For some reason or another my dad has it in his head that he needs a mule. Our old neighbor who lives out in Montana told mom that mules are not friendly to small animals (cats or dogs) or small livestock (calves). Dad already has an older quarter horse and an old paint and I have a couple shorthorn cows that will be calving soon plus a beagle and a very fat spoiled indoor/outdoor cat. Our pasture setup isn't the best and doesn't allow easy division of animals. So, will a mule kill a cat, dog or calf? I've heard it both ways from a few people. I won't be happy if a "darn" mule kills one of my calves.


----------



## Tim/South (Dec 12, 2011)

It depends on the mule. Some will pasture with cattle, some will not.
My grandfather never let his mules pasture with the cows. He had one stomp a newborn calf once.
It takes a special hand to work with most mules. They are "different".


----------



## Mike120 (May 4, 2009)

Mules and donkeys are easy to train as long as you only try to teach them something they want to do.

As a kid, someone gave my sister a donkey...it lasted until it tried to bite a calf on the neck. One of my daughter's students gave her a donkey to be a watch donkey and keep the coyotes away from the foals. I liked it after it went after her cats, but banished it to a far and secure pasture when it tried to get a little kid. I'll be happy to donate the thing to your father if he'll please come get it. They are probably the most useless animals on the face of the earth.


----------



## Tim/South (Dec 12, 2011)

A few years ago I bought a small mule. It went through the cattle sale, had short ears, looked like a pony. I bid $40 for the heck of it and brought her home.
I was trying to come up with a cute name for the critter. Ropeburn seemed to fit perfectly.
Things I learned from Ropeburn are invaluable.

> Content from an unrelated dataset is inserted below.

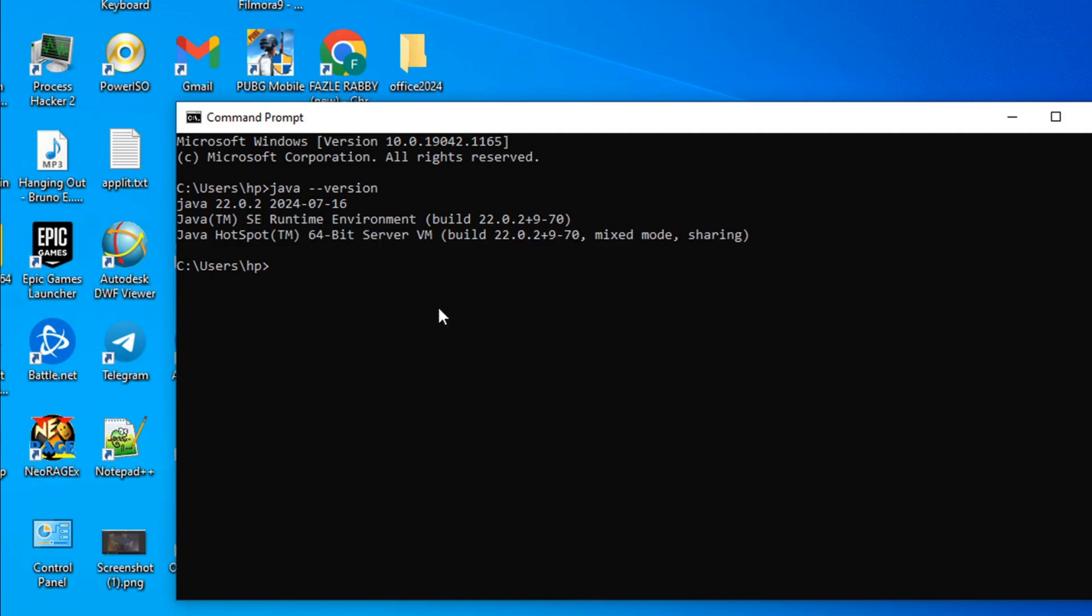That's how we know that Java is successfully installed in your Windows 10. So that's it guys, if you found this video helpful, please subscribe to this channel and thank you for watching.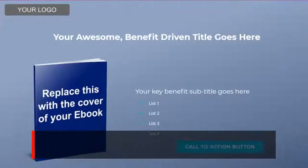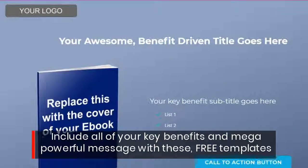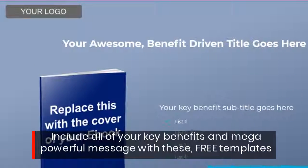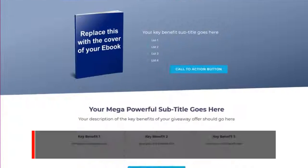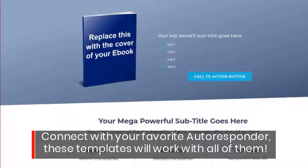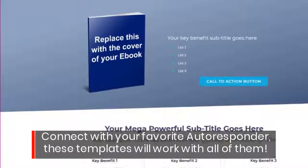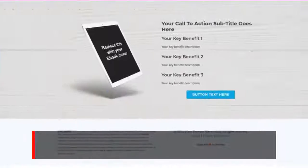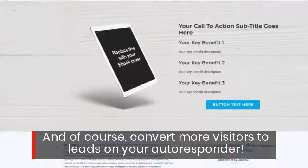Include all of your key benefits and make a powerful message with these free templates. Connect with your favorite autoresponder — these templates will work with all of them, and of course convert more visitors to leads on your autoresponder.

1) Natural horsemanship does not work on mules. Nothing "natural" about them.
2) A mule can kick straight back. A mule with legs 3 feel long can kick 20+ feet at will.
3) A mule can out run a grown man carrying a chain saw.
4) A mule can stand flat footed and jump higher than any deer.
5) A mule can get on her knees and crawl through a place that a goat would not chance.
6) You can put a ribbon around a cute mules neck and sell it to city transplants. Especially if it has short ears and looks like a pony. It helps if the prospective buyer has RFD TV and does not know Natural Horsemanship does not work on mules. It is good exercise for both the mule and human. Humans can run much faster then originally believed when a mule is chasing them around the round pen. The mule also seems to enjoy the work out.


----------



## Vol (Jul 5, 2009)

TheFastMan said:


> For some reason or another my dad has it in his head that he needs a mule. Our old neighbor who lives out in Montana told mom that mules are not friendly to small animals (cats or dogs) or small livestock (calves). Dad already has an older quarter horse and an old paint and I have a couple shorthorn cows that will be calving soon plus a beagle and a very fat spoiled indoor/outdoor cat. Our pasture setup isn't the best and doesn't allow easy division of animals. So, will a mule kill a cat, dog or calf? I've heard it both ways from a few people. I won't be happy if a "darn" mule kills one of my calves.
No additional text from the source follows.